Caption-style text data
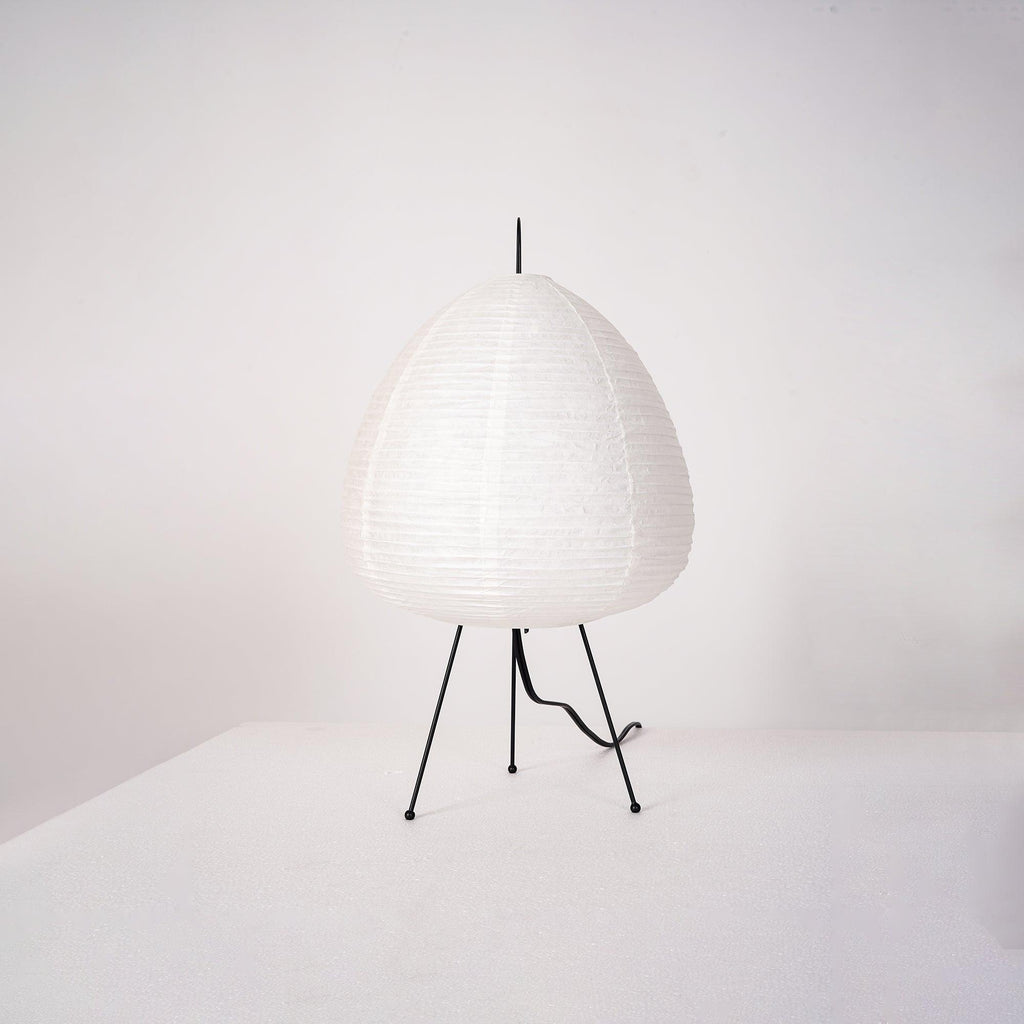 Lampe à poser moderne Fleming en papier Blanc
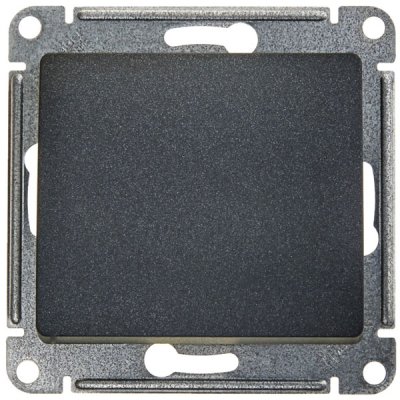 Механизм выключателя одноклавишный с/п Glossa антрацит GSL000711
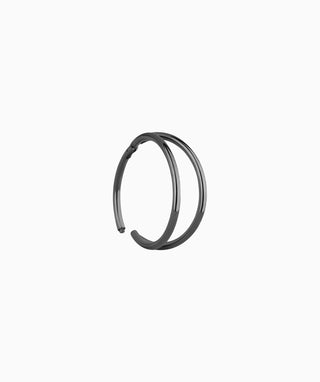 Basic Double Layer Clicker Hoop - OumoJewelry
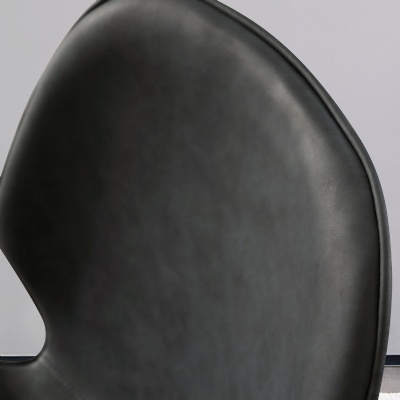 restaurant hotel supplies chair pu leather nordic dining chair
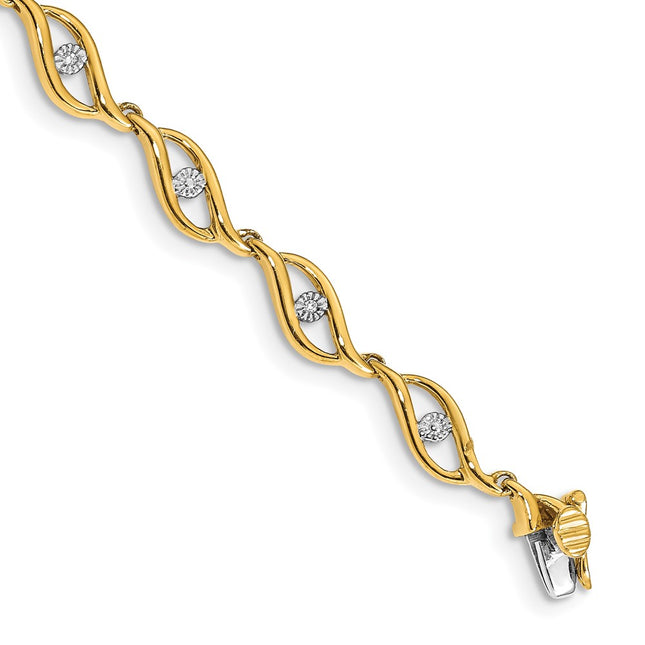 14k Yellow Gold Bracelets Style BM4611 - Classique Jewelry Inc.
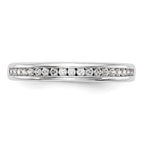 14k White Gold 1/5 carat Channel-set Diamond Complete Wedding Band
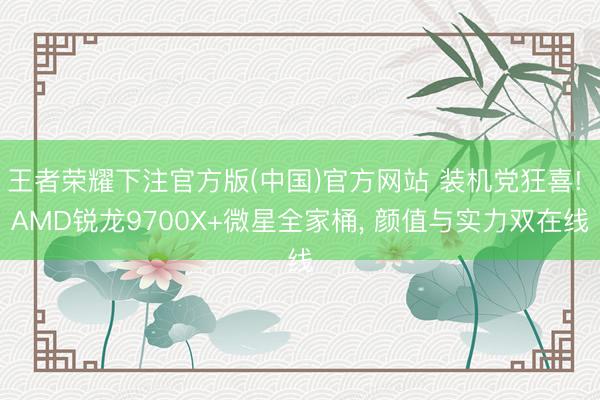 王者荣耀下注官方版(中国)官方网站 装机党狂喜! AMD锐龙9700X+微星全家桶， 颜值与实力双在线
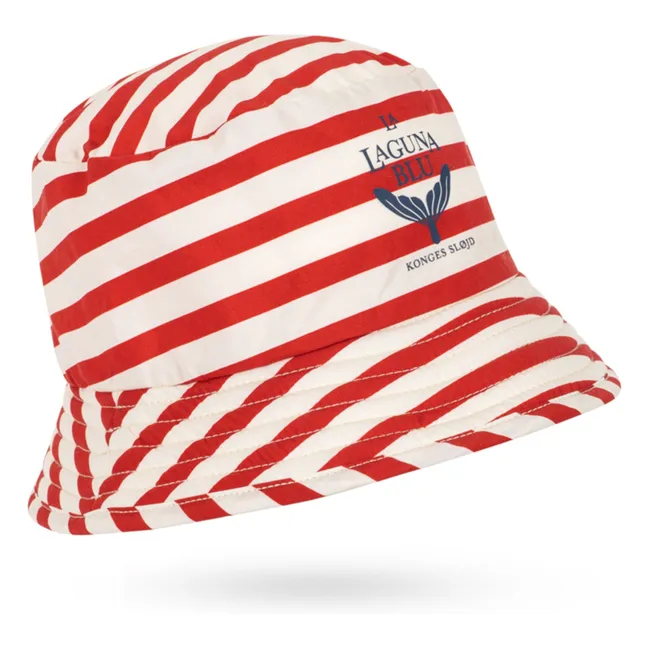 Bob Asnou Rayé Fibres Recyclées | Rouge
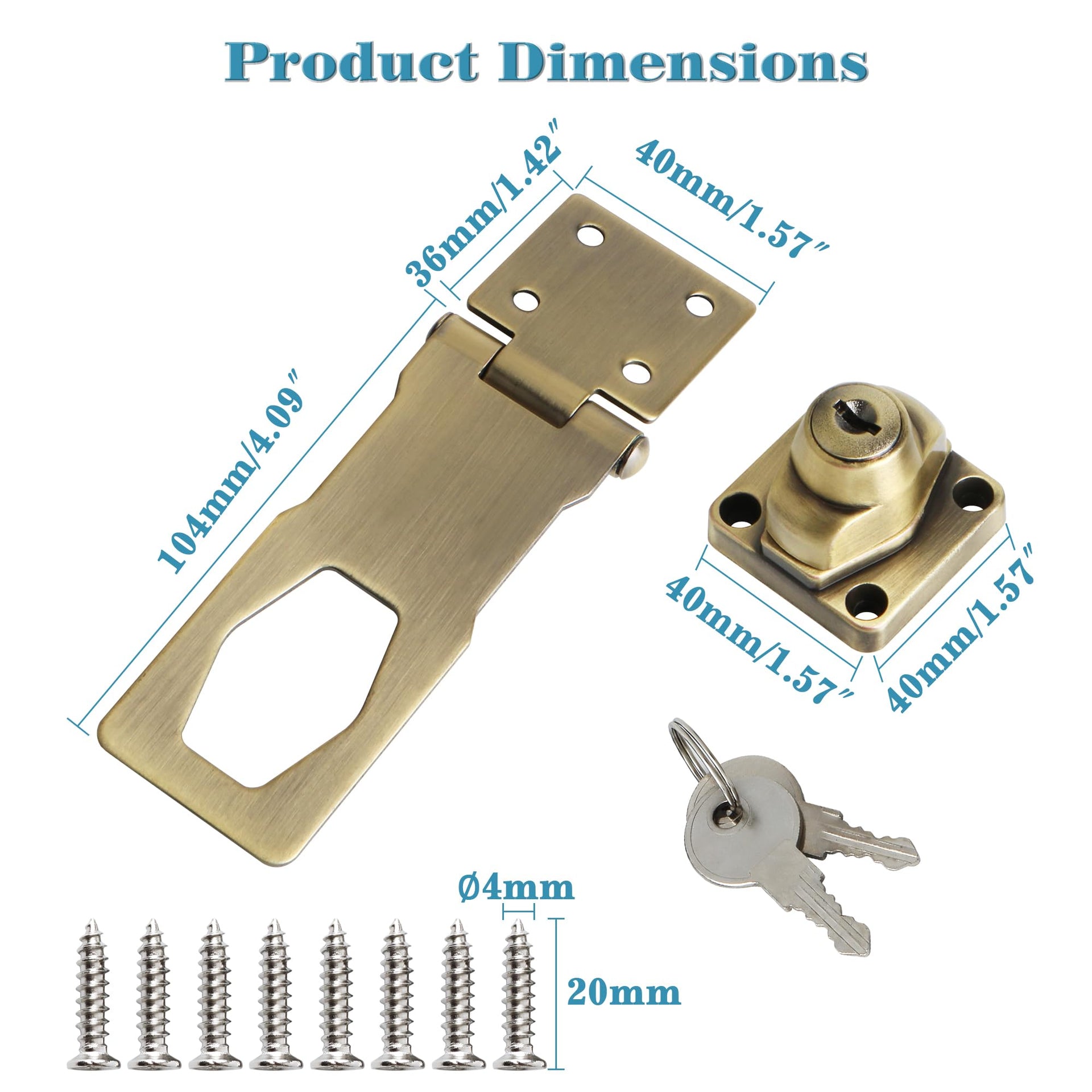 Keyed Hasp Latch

---

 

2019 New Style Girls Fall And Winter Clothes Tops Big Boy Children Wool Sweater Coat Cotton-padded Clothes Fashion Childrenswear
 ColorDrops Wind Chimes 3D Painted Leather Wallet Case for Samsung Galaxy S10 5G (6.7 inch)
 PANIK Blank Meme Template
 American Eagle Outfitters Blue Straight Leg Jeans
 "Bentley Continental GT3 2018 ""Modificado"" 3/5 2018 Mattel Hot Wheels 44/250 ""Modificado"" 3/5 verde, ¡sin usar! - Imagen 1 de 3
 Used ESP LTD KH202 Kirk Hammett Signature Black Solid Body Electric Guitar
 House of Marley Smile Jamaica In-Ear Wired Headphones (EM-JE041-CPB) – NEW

==

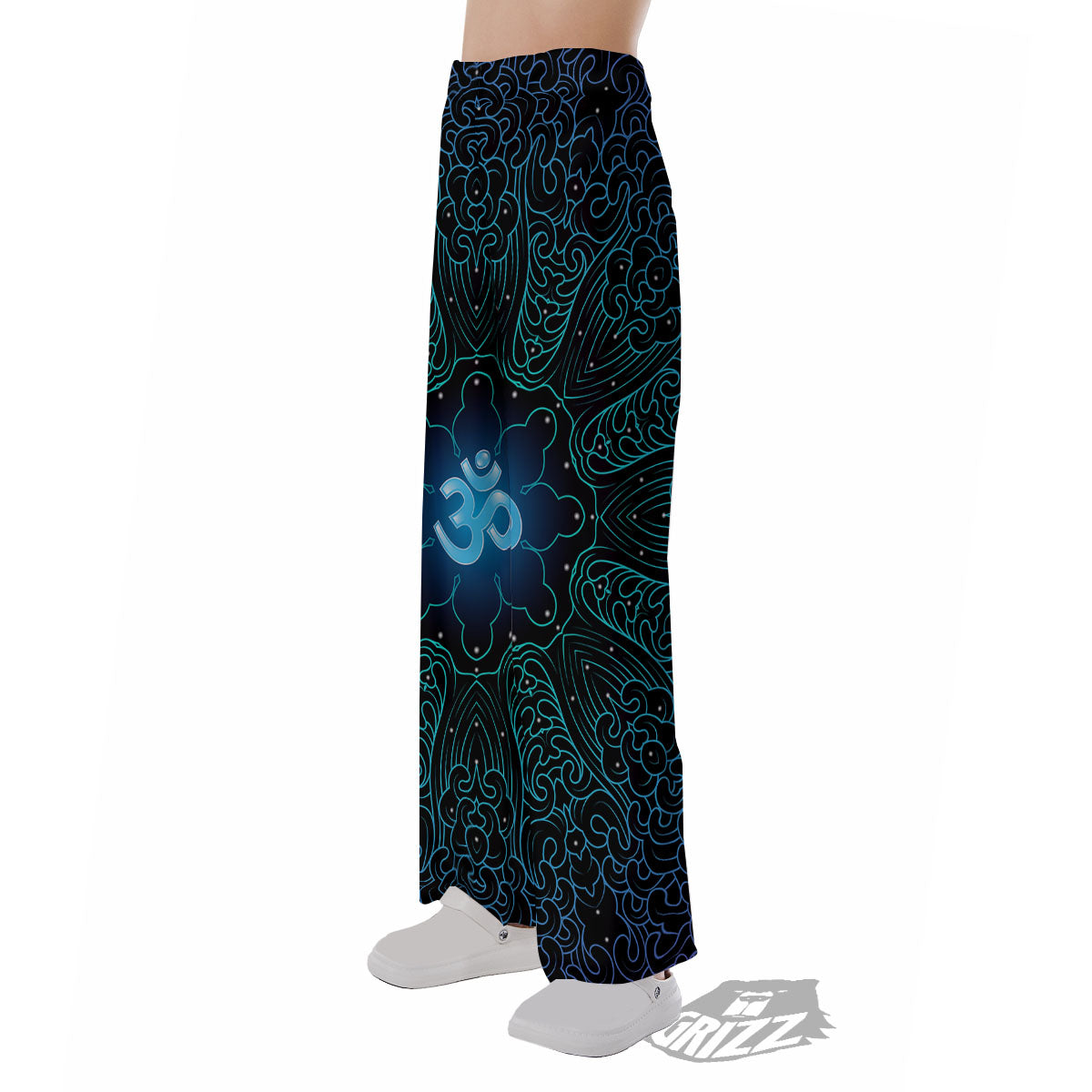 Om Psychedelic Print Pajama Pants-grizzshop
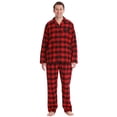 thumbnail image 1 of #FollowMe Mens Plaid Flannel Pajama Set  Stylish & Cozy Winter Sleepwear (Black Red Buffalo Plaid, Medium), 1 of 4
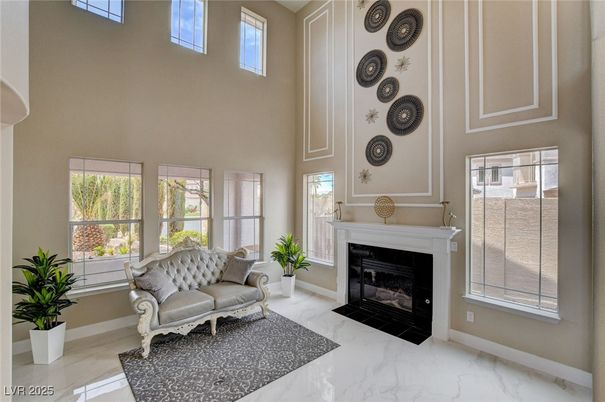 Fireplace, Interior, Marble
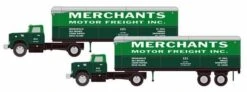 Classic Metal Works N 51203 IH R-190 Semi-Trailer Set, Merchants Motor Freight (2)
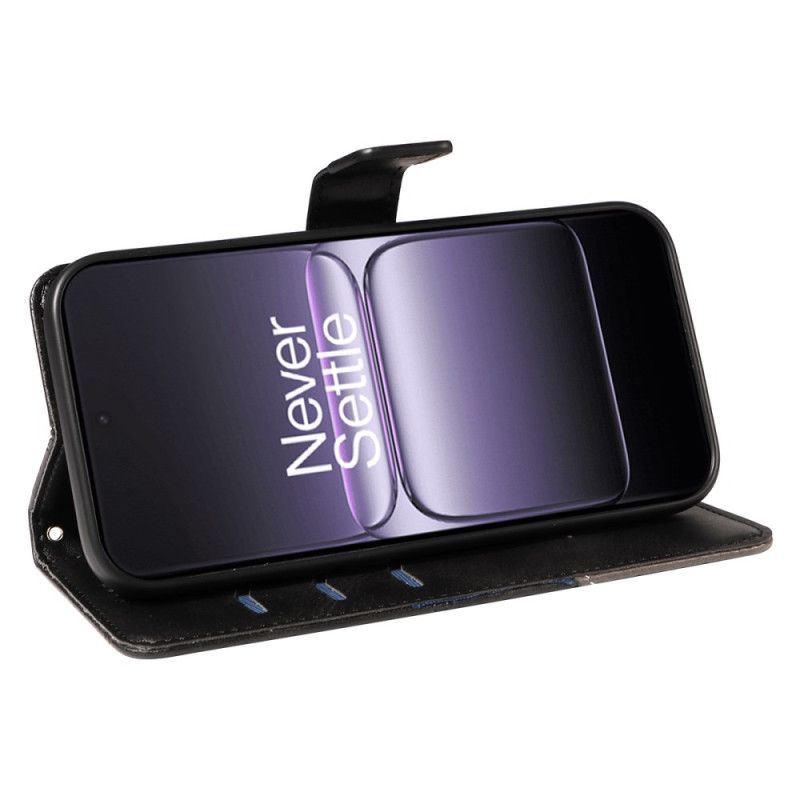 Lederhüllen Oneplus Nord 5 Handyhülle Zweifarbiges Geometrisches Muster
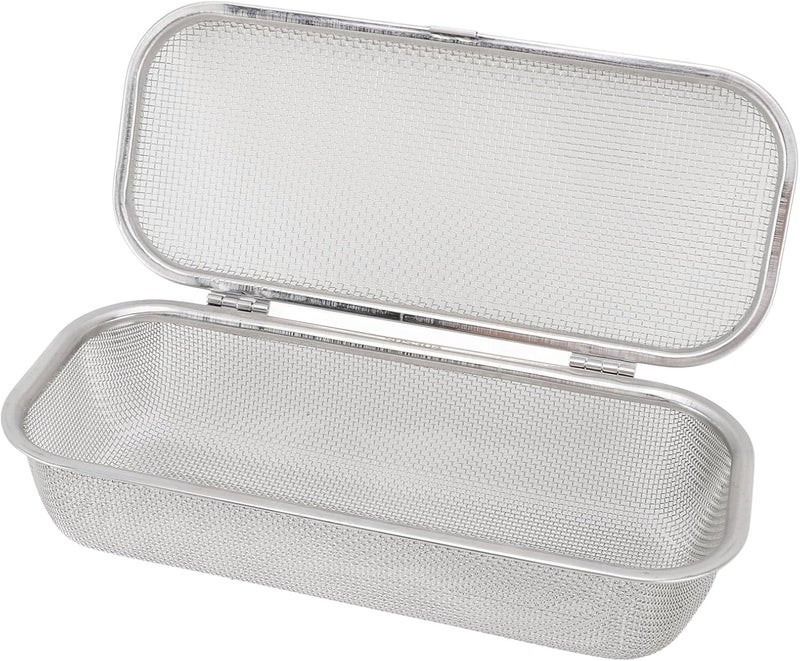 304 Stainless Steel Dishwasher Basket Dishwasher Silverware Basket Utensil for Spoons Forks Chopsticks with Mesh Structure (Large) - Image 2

◆ What you are asked to do
Write out exactly the lines that fall from the line with "Imagen 1 de 3" to the line with "House of Marley" in the records above, keeping both ends.

◆ Written reply
 "Bentley Continental GT3 2018 ""Modificado"" 3/5 2018 Mattel Hot Wheels 44/250 ""Modificado"" 3/5 verde, ¡sin usar! - Imagen 1 de 3
 Used ESP LTD KH202 Kirk Hammett Signature Black Solid Body Electric Guitar
 House of Marley Smile Jamaica In-Ear Wired Headphones (EM-JE041-CPB) – NEW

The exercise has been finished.